If finalized, the proposed rules would require automakers to reduce carbon emissions by 56% in their 2032 models compared to 2026 models. The expectation is that with the rules in place, 67% of new light-duty car purchases will be electric by 2032.
The move comes at a time when geopolitical and trade tensions between the United States and our allies on one hand, and China on the other are soaring, and observers argue that the ambitious plans could play into Beijing’s hands.
While the United States has taken several important steps to decouple its critical mineral supply chains from China, Beijing, having systematically built out its dominance across the entire value chain from mining over processing to manufacturing, still has a chokehold on the EV battery supply chain, and the latest USGS Mineral Commodity Summaries report confirmed that for all of the recent U.S. policy efforts, our dependencies still persist.
In case anyone needed a reminder, here is an infographic from last November, compiled by our friends at Benchmark Mineral Intelligence clearly visualizing China’s dominance of the battery supply chain.
The Biden Administration has, in recent weeks, stepped up its friend-shoring initiatives to bolster U.S. supply chains, with recent trade deliberations having yielded a free trade Critical Minerals agreement with Tokyo and a likely similar accord between the U.S. and EU. U.S.-Canadian critical minerals cooperation has also seen a boost.
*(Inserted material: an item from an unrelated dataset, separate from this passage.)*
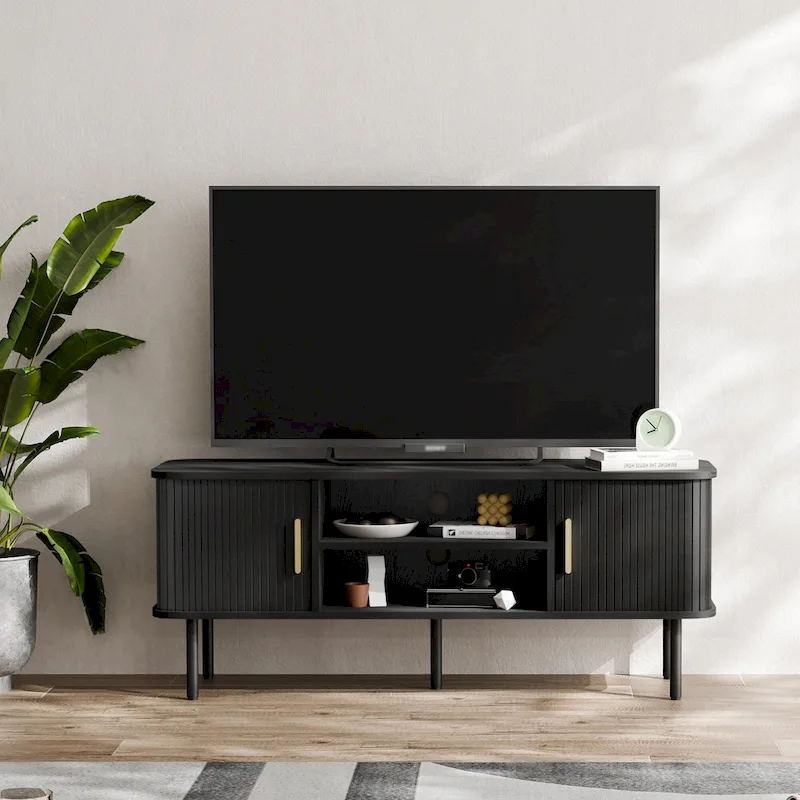 TV Stand Media Console for TVs Up to 55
Embedded into a comprehensive “All of the Above” strategy, these friend-shoring initiatives can play an important role in strengthening critical mineral supply chains. And yet there are mounting concerns that the Biden Administration, in spite of verbal affirmations of wanting to responsibly expand domestic resource development and processing, continues to cater to the “not-in-my-backyard” sentiment, which still runs strong in discussions on resource development.
This brings us back to the “inherent irony” or “paradox of the green revolution” Reuters columnist Andy Home has invoked in several instances when covering critical mineral resource supply chains for the very materials underpinning the green energy transition — the paradox that “public opinion is firmly in favour of decarbonisation but not the mines and smelters needed to get there.”
It’s not that there is a lack of promising domestic resource development projects, especially for the Battery Criticals — lithium, cobalt, graphite, nickel, and manganese.
ARPN recently looked at each of these materials, now deemed under President Biden’s DPA determination to be “essential to the national defense,” and the U.S.-based projects working to urgently needed new supply into production. [See our discussions linked here: Lithium, Cobalt, Graphite, Nickel, Manganese]
And let’s not forget copper, which has increasingly been recognized – most recently by the EU — as a critical raw material in light of its key role in the green energy transition, and for which a push to have the metal added to the U.S. Government Critical Minerals List is currently underway.
As ARPN has previously pointed out, lofty goals of net carbon neutrality – and that includes the just released proposed EPA emission standards – will not be achievable if we don’t embrace a push to secure critical mineral supply chains from “soup to nuts” to borrow a term used by Energy Secretary Jennifer Granholm.
After all, as we’ve noted often at ARPN, the first word in supply chain is… supply.